__Raw data__:
....................

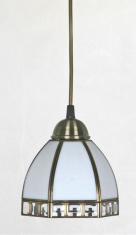 подвесной светильник Wunderlicht Iceland, бронзовый/белый (YL6514AB-P1)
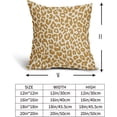 thumbnail image 5 of Mustard Yellow Leopard Print Pillow Covers 18x18 Set of 2 Cheetah Animal Pattern Chinoiserie Decorative Outdoor Pillowcases Rustic Farmhouse Zipper Throw Cushion Case Decor for Home Couch Sofa Bed, 5 of 6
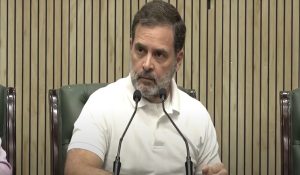 Rahul Gandhi hits out at BJP over Dalit youth’s murder in MP’s Chhatarpur
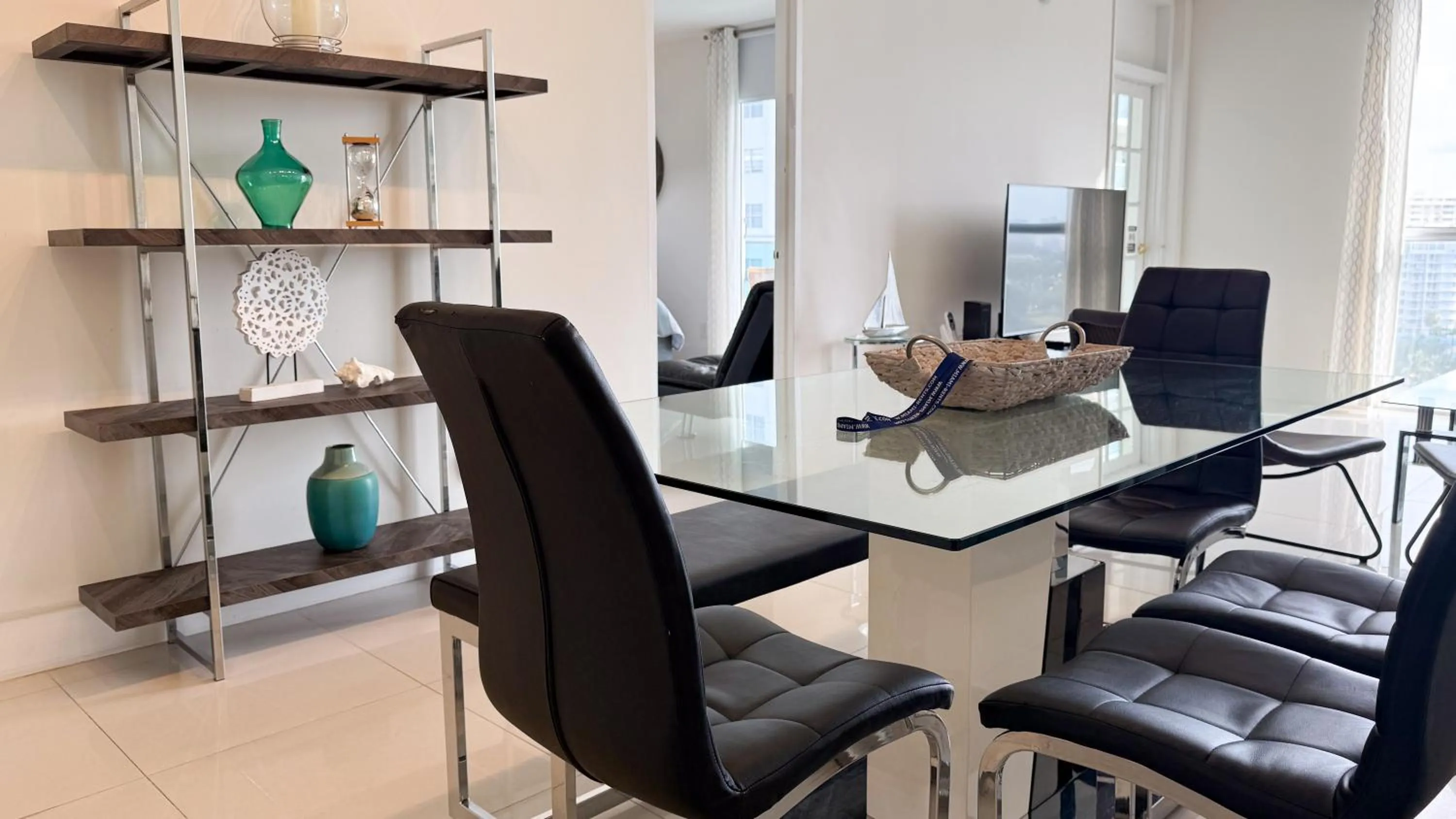 Living room in The Tides Apartments on the beach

....................

Only lines go in the copy, not pictures. Transcribe exactly from the start of the listing through the line containing "thumbnail image 5".

 подвесной светильник Wunderlicht Iceland, бронзовый/белый (YL6514AB-P1)
 thumbnail image 5 of Mustard Yellow Leopard Print Pillow Covers 18x18 Set of 2 Cheetah Animal Pattern Chinoiserie Decorative Outdoor Pillowcases Rustic Farmhouse Zipper Throw Cushion Case Decor for Home Couch Sofa Bed, 5 of 6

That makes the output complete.